The 22 inmate-employees in the lab make about 525 pairs of glasses a month for inmates in the Ohio prison system. Last year, they cranked out 8,000 pairs of glasses. Still, the frames cost the state an average of $4.25 and lenses between $18 and $75, depending on the material and prescription. Buying those from an outside vendor would have cost the state an estimated $1.3 million to $2.64 million.
The lab offers several frame choices for most prisoners, but just one choice — black plastic ‘Buddy Holly’ frames with no metal parts — for high-security inmates.
Adjacent to the lab, inmates sew socks and flags in another Ohio Penal Industries shop. They also use scrap fabric to make eyeglasses cases, which the state used to buy from an outside vendor for 40 cents apiece.
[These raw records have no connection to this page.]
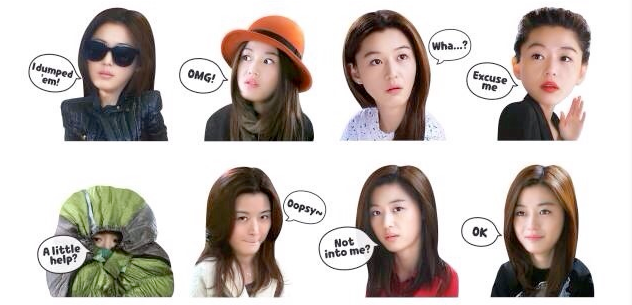 Line's emoticons get a bit less cartoony with addition of photo stickers
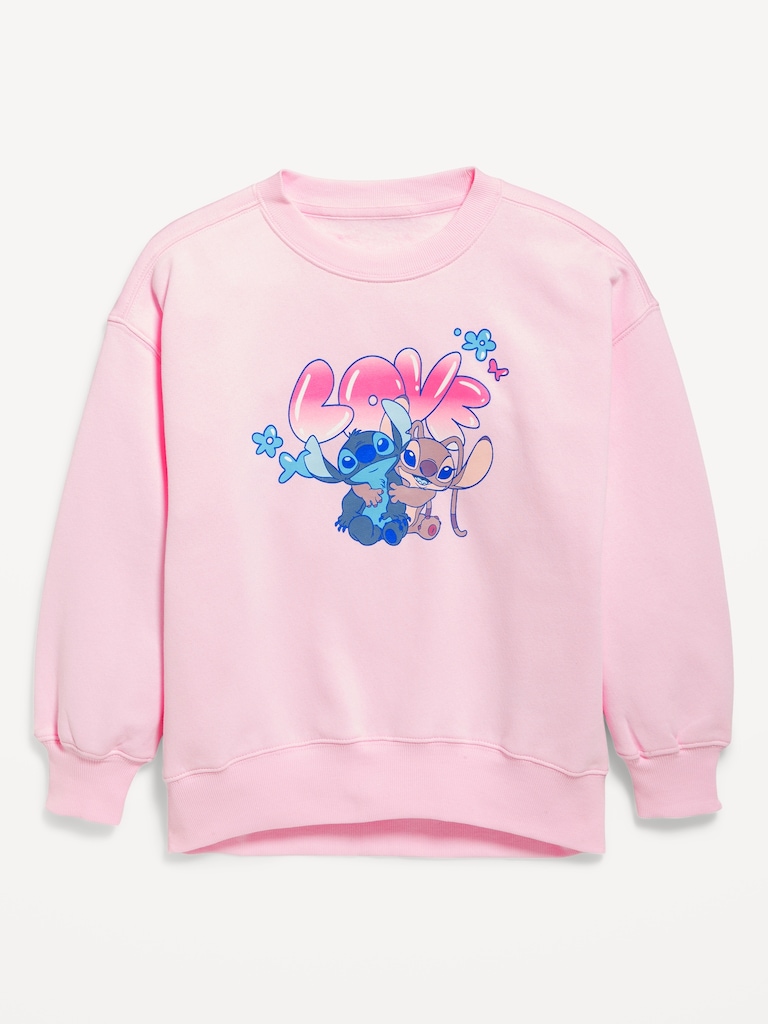 Disney© Lilo & Stitch Oversized Graphic Tunic Sweatshirt for Girls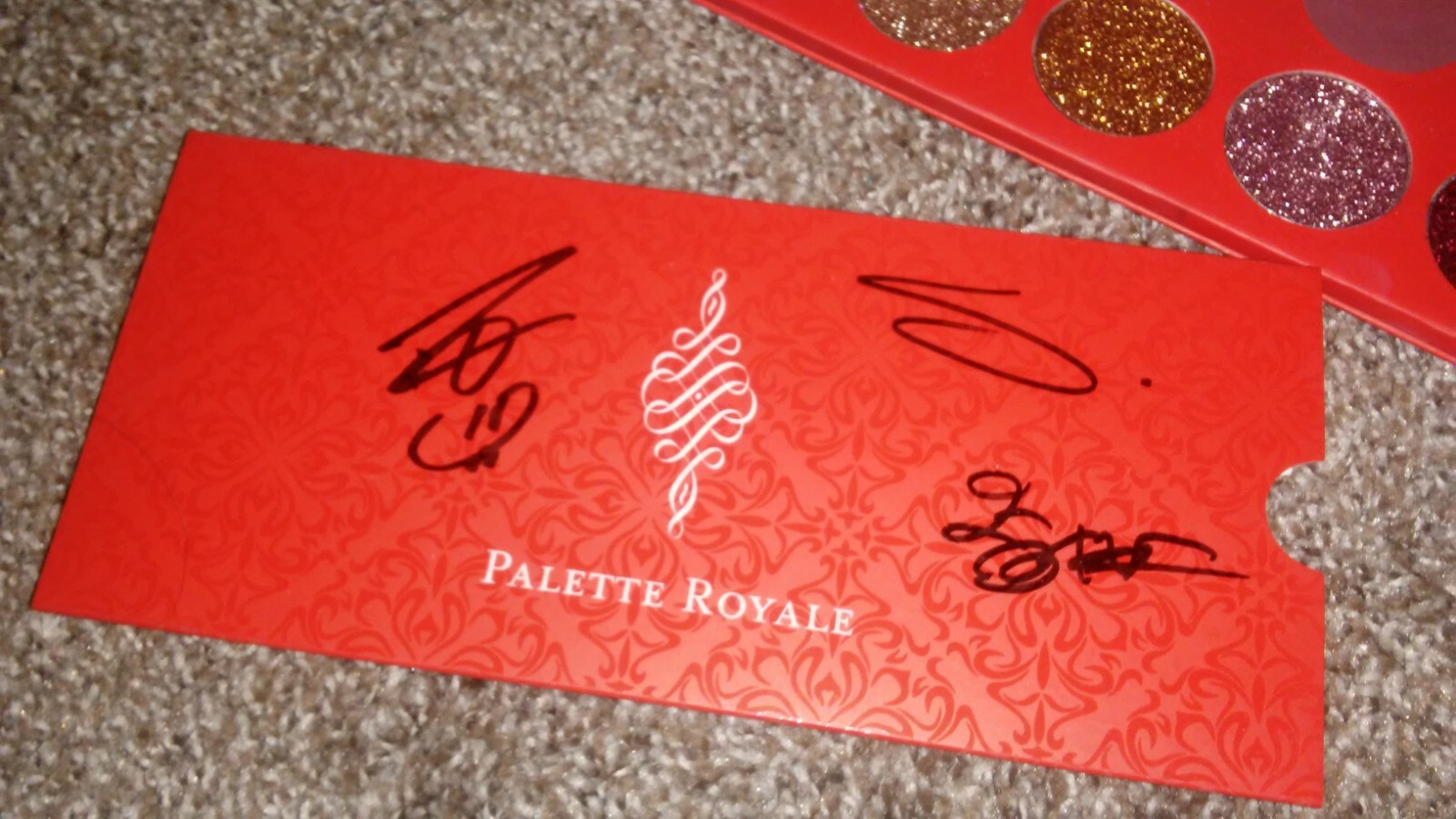 Signed Palaye Royale Palette Royale Authentic Eyeshadow Palette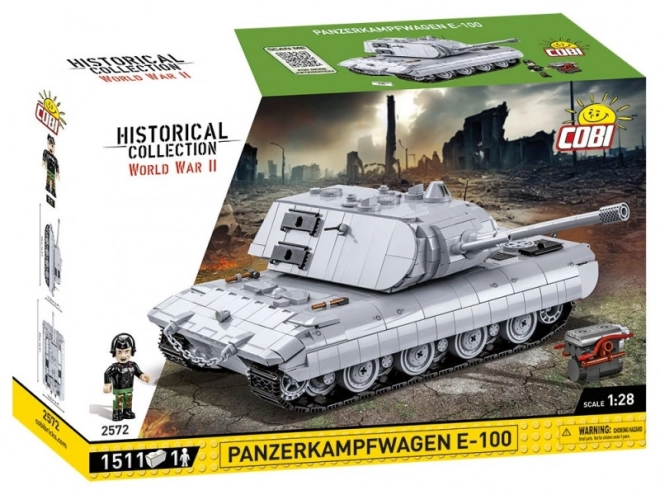 Set da costruzione carro armato Panzerkampfwagen E-100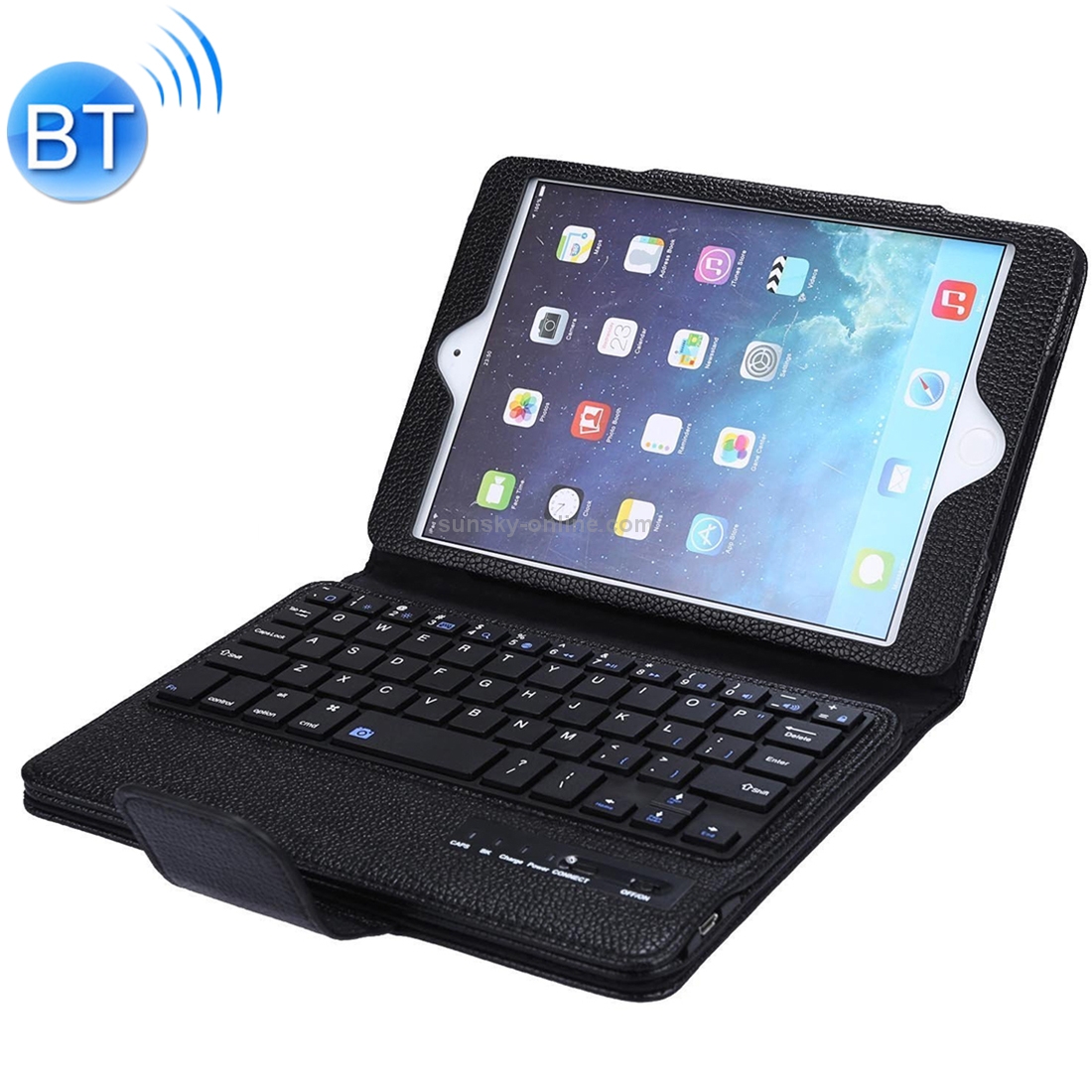 SPM01 For iPad mini 5 / 4 / 3 / 2 / 1 Litchi Texture Detachable Plastic Bluetooth Keyboard Leather Tablet Case with Stand Function(Black) SPM01 For iPad mini 5 / 4 / 3 / 2 / 1 Litchi Texture Detachable Plastic Bluetooth Keyboard Leather Tablet Case with Stand Function(Black)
The inmate workers in the optical lab seem to appreciate the chance to learn.
“I love my job. It’s educational and it’s something I never thought I’d be able to do because for me, it’s like a college course,” said Vickie Anderson, 55, of Massillon in Stark County. Anderson is serving life without parole for killing her husband and setting the house afire. “I’m learning things here. I don’t feel stagnant here.”
Alysia Barker, 40, used to work as a bricklayer, concrete finisher and pastry chef in Cincinnati. But inside the Reformatory for Women, she sits at the end of the line in the optical lab, making the last quality check on each pair of glasses.
She double checks the lenses against the prescription, makes sure there’s a match between the inmate number inscribed on the frame and the inmate, and examines the frames to see if they are warped in any way.
Barker, a mother of three and grandmother of one, is serving 12 years for robbery and complicity to involuntary manslaughter. She gets out in 2014 but has already started networking with optical labs in the Cincinnati area. “I keep them updated on me,” she said.
Barker said she is happy to learn the new skills and for the chance to be more marketable when she is released.
“We can’t go back out the same way we came in,” she said.